2002年10月22日
JSRの「アートン」、LCD位相差フィルム用が伸びる
【カテゴリー】:経営
【関連企業・団体】:JSR

 JSRは有機EL(エレクトロルミネッセンス)、液晶ディスプレイ(LCD)の材料分野への進出を計画、発光層をはじめ、拡散シート、プリズムシートなどの材料の製品化を急いでいるが、LCDの光学材料に使われるC5系の耐熱透明樹脂の需要が好調に伸びているため、まず同樹脂の設備を現在の年産1,000トンから3,000トンに大幅増強することになった。2004年末の完成をめざす。
 
 同社は1997年末に千葉工場に同樹脂の設備を完成「アートン」の商品名で発売した。アートンはC5留分を原料にジシクロペンタジェンを経て樹脂化される。

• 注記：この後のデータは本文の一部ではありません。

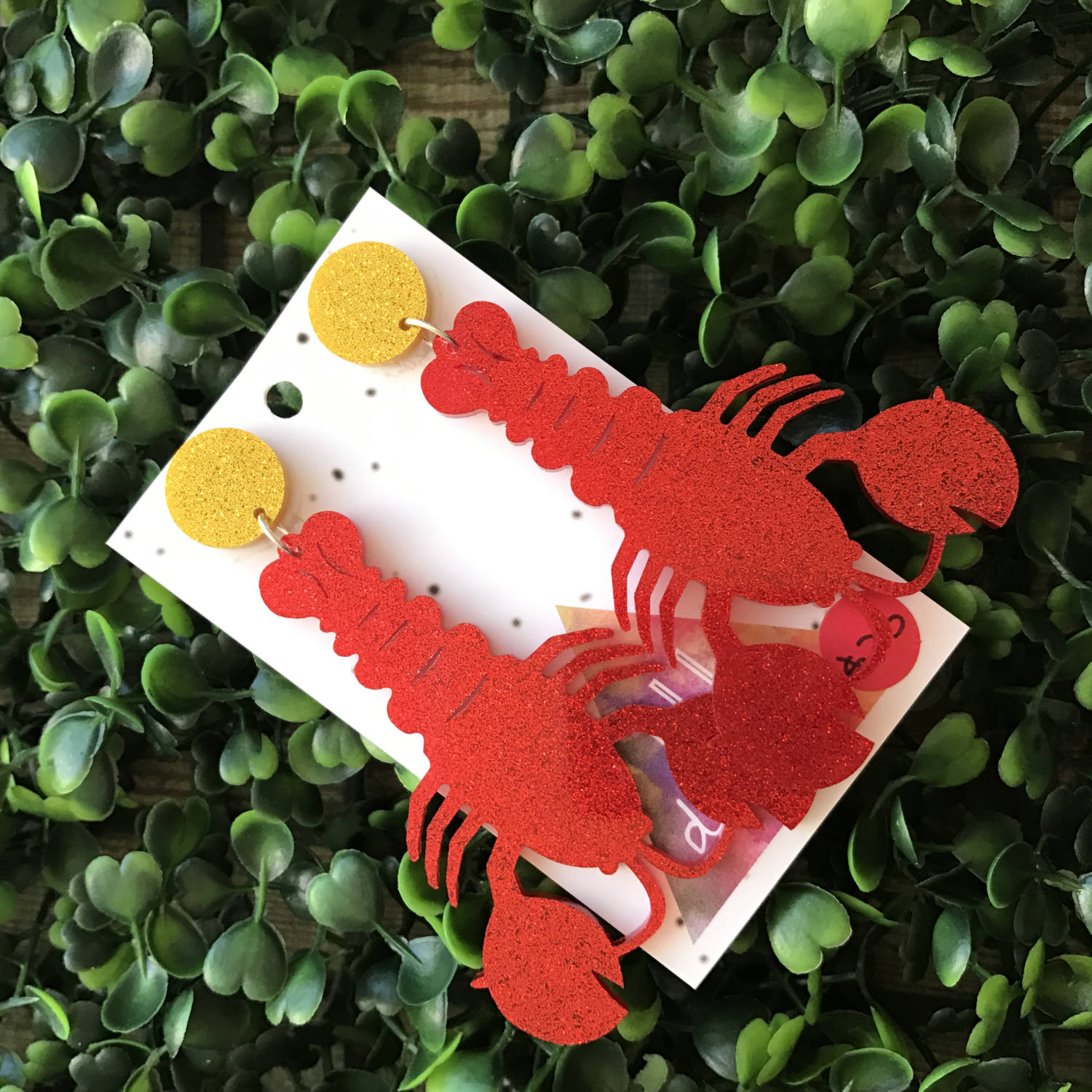 Living Large Lobster Statement Dangles - MEGA Size!!! Glorious Glitter Drop Earrings. Bold & Quirky Earrings.
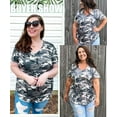 thumbnail image 6 of TIYOMI Plus Size Tops Womens Short Sleeve Camo Summer T-Shirts V-Neck Basic Pullover Casual Blouses Army Green 2XL 18W 20W, 6 of 6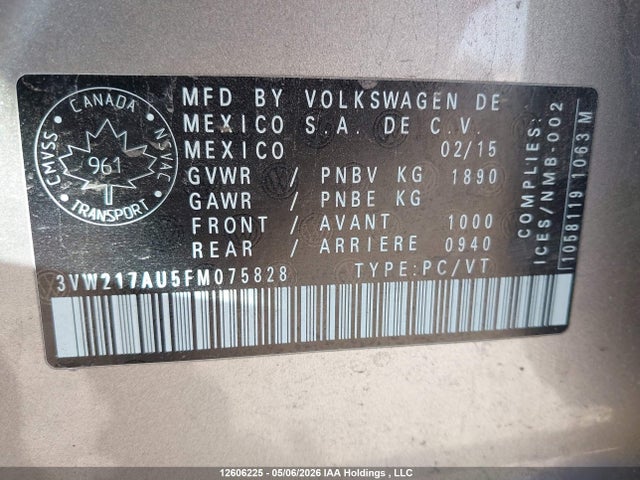 3VW217AU5FM075828 Volkswagen Golf 1.8 Tsi Comfortline/1.8 Tsi Highline/1.8 Tsi Trendline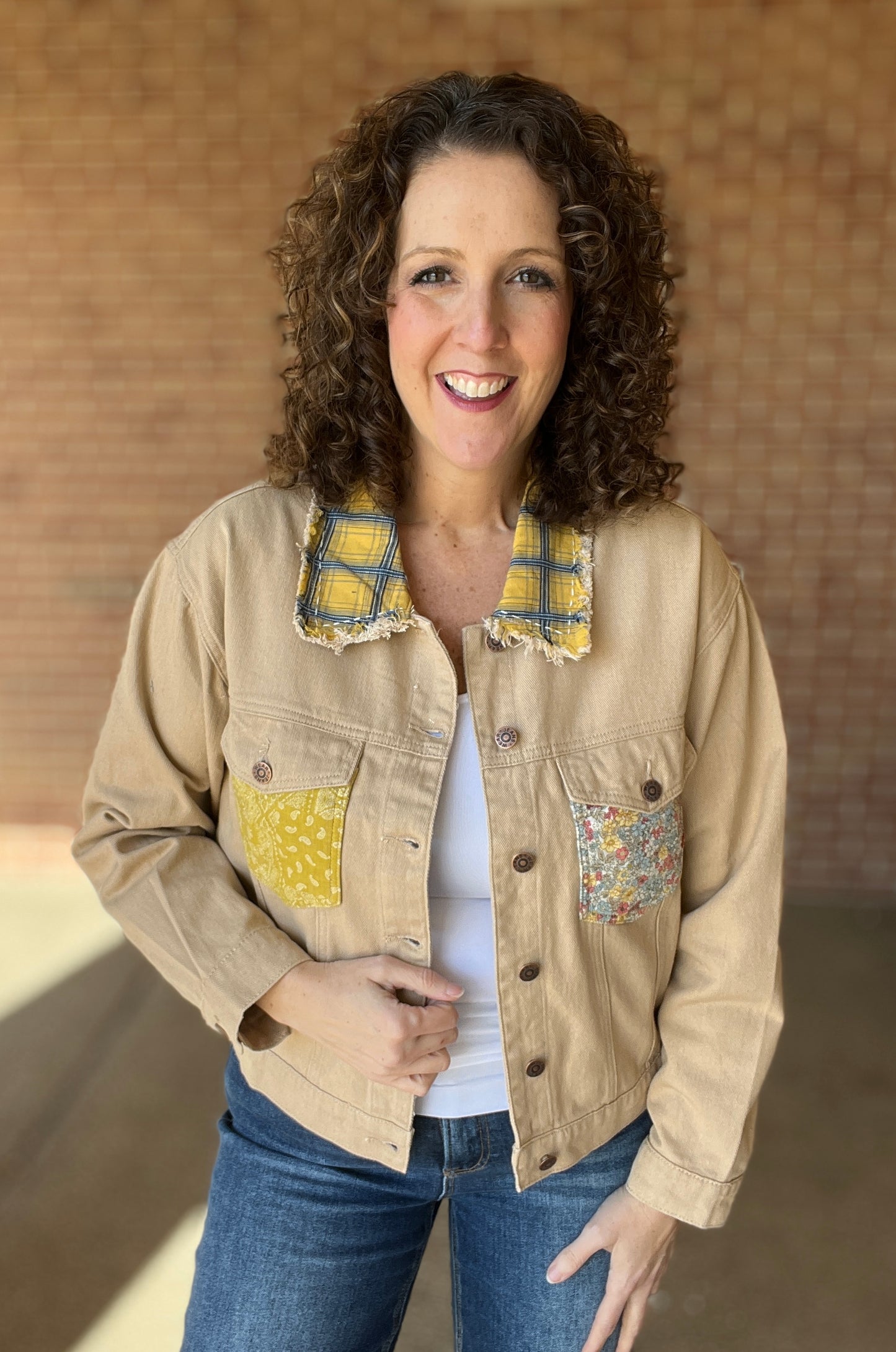 Patched & Plaid Cotton Twill Jacket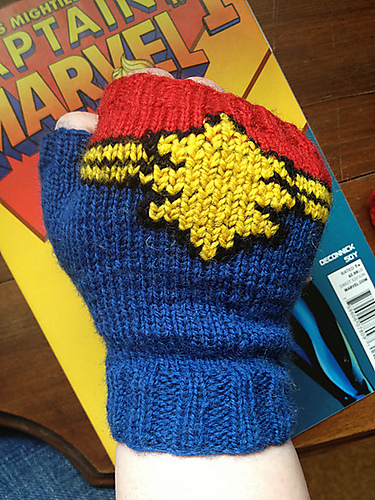 Free knitting pattern for Captain Marvel Fingerless Gloves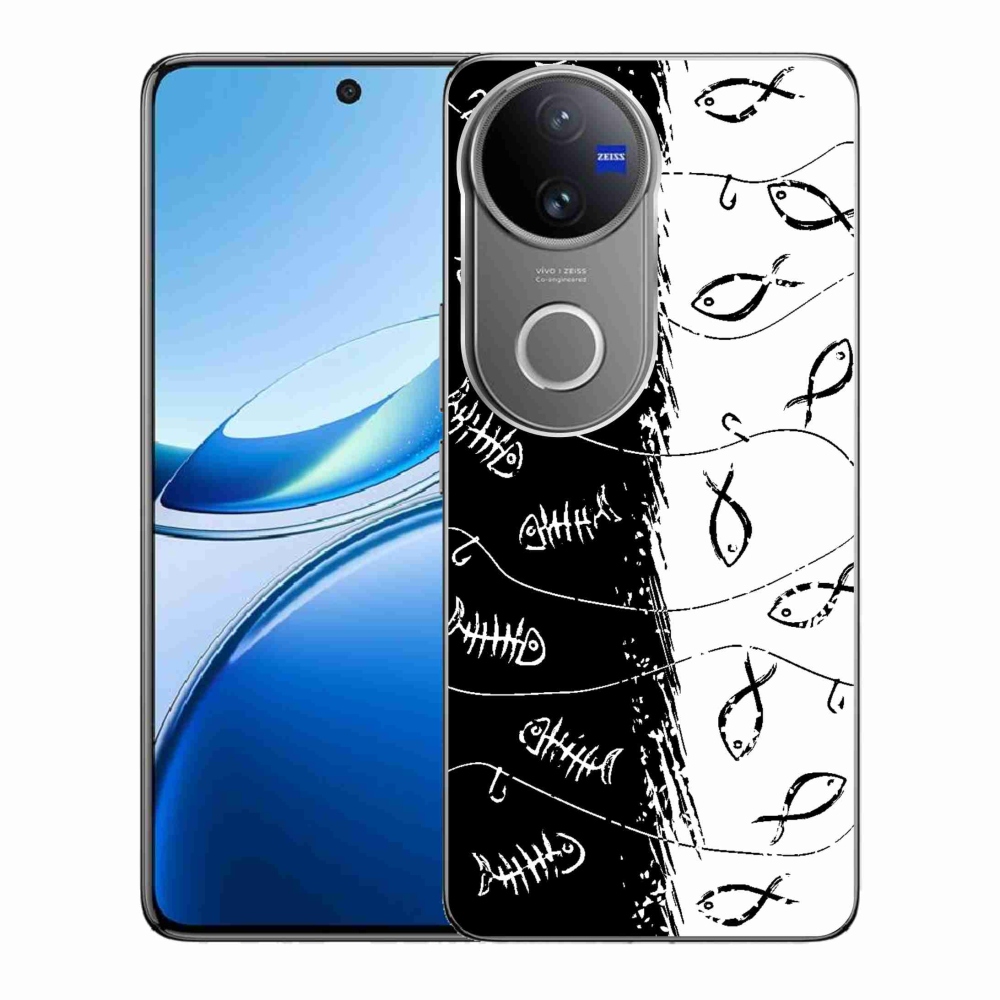 Zselés borítás mmCase a Vivo V50 5G-hez - csontvázak és halak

熱変形温度が164℃と高く、透明性もよい。とくに吸水性がメタアクリル(MMA)樹脂の5分の1ていどと低いため、ゆがみが少ない。
 
 一方、LCDは大型化、高精細化、省電力化が進み、これに並行して耐熱性、透明性、位相差防止などの性能向上が求められてきた。LCDは大型化が進むにつれて位相差の問題が大きくなり、横から見た場合の画像のダブリをどう解決するかの課題をかかえてきた。アートンはどのような波長にも位相差の変化をおこさせない特徴があり、位相差フィルムや導光板、透明電導フィルムなどに需要が伸びている。
 
 アートンはノルボルネンと呼ばれる構造で、光学レンズなどの用途にも向いており、DVD用などにも使われる見通し。なお、同社ではアートンの増設に資金約20億円を計上している。